SYDNEY (Centre for Asia Pacific Aviation) Emirates this week announced that it achieved a 6.6% growth in profits for the six months ended 30-Sep-05, ringing in a net profit of USD251 million, as the carrier was able to ride a hike in yields and load factor to boost revenues faster than costs.
As with every other carrier in the world, Emirates faces a rising fuel bill, as the amount it paid at the pump rose 84% over the same period in 2004, with fuel accounting for 27% of its expenditures, up from the previous year’s 19%. What enabled the carrier to overcome this massive outlay was both a focus on cutting non-fuel costs and a healthy increase in revenues. The carrier says that its revenue increase came about through both improved yields and a 2.6-point rise in system load factor, to 76% (with passenger numbers up over 15% to 7 million).
Emirates’ anachronistic growth in profits comes against a backdrop of seemingly perpetual expansion, all of it conducted with widebody aircraft. A key focal point for Emirates service enhancements is the market to Australia and New Zealand, much to the chagrin of local giant Qantas. The Australian flag carrier has long charged that its Dubai-based counterpart is the recipient pf market-tilting benefits, thanks to the fact that its government owner manages it, as well as the civil aviation authority and the Dubai airport.
These charges were seemingly endowed by the Middle East airline’s recent announcement that it would seek to double its frequencies to Australia, aiming to bring its weekly tally to 84. The carrier already serves Australian cities Brisbane, Sydney, Melbourne and Perth, connecting them via Singapore and Bangkok, as well as serving the last three nonstop using the ultra-long range A340-500. Emirates also flies local traffic across the Tasman, connecting Auckland with Brisbane, Sydney and Melbourne, and Christchurch with Sydney.
The Dubai carrier has fervently resisted charges of state sponsorship and Qantas’ oft-repeated claim has set off a volley of derisive comments flying between the two. After Qantas chair Margaret Jackson labeled the Middle East carrier’s claims of commercial operation “fiction”, Emirates vice chair Maurice Flanagan returned the shot, saying that Qantas is the bigger beneficiary of government support – even if its support comes in the form of protection and not subsidy. Flanagan noted that the Australian airline faces meaningful competition only on its route to London, and that “Qantas is one of the world’s most anti-competitive airlines and customers are paying higher prices as a result.”
Raising the stakes in their mutual mud-slinging campaign, Flanagan all but accuses his opponent of being inept at the planning function, saying that the Aussie carrier focuses on only its route to Heathrow, while Emirates has been successful with its forays into the antipodean market because it connects Australian passengers with markets Qantas ignores, such as Machester, Birmingham, Milan, Athens and Paris, as well as many African destinations.
It is easy to dismiss both sides’ arguments as so much empty rhetoric, but what is behind Qantas complaints is doubtless on myriad other airlines’ minds too: the effect Emirates’ unbridled capacity increases will have on fares and profitability for any number of key intercontinental routes.
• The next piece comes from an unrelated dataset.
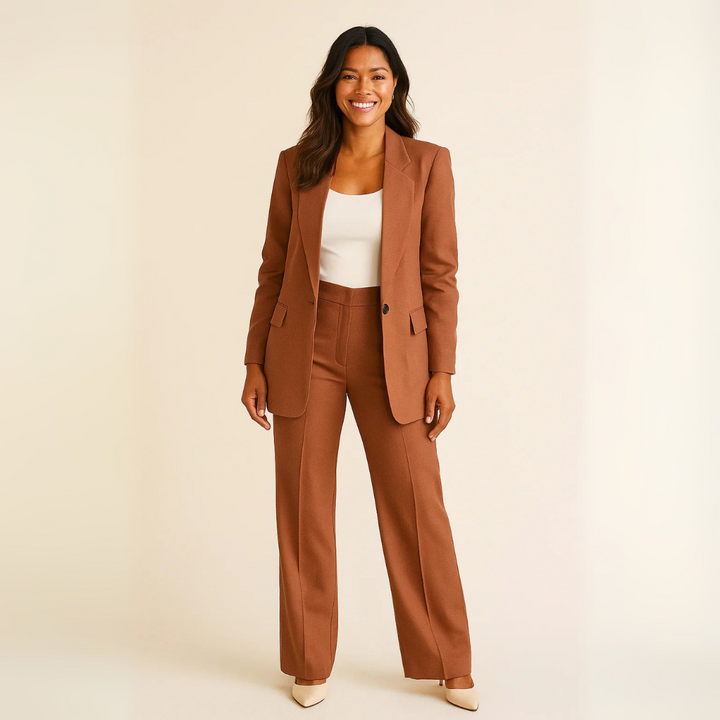 Blazer Pantsuit Women - Structured Blazer and Wide-Leg Trousers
The world has never seen growth in capacity such as Emirates has put on display, and the carrier is nowhere near through yet. And Qantas’ home patch of Australia – which Emirates began serving only in 1996 when it commenced Melbourne service, with Sydney only coming online in 2000 –is merely one of the affected markets.
Aircraft type In Service Unfilled orders Delivery
When Emirates chair Ahmed bin Saeed Al-Maktoum says that the company is looking forward to using its “investments” to secure its future, he plainly isn’t kidding. With the fleet set to more than double on an aircraft basis (and considerably more than double on a seat basis) in the not-too-distant future, Emirates’ capacity increases will be coming in on a pretty constant stream. And that is before the industry even turns its attention to the new competitive realities that will result from the first of its A380s touching down in Dubai in a little over a year.
With 43 of the 550-seat giants eventually flying in and out of Emirate’s 24-hour facility, the game will be forever changed (and Emirates has waxed lyrical over the tiny unit costs that would accrue from putting a few 800-seat versions of the model in its stable).
The carrier has already said it plans to be a global carrier, and has used its A340-500s to make that vision a reality, just adding a second daily nonstop to New York, to complement its daily flights to Sydney and Melbourne. It seems every month features a new destination launch, recently adding Seoul and Abidjan, Cote d’Ivoire to its roster. But, as much as anything, it must be the service enhancements that worry the established airlines, especially those in the Asia Pacific region which will see their services to Europe, both passenger and cargo, undercut by the ambitious Middle East carrier.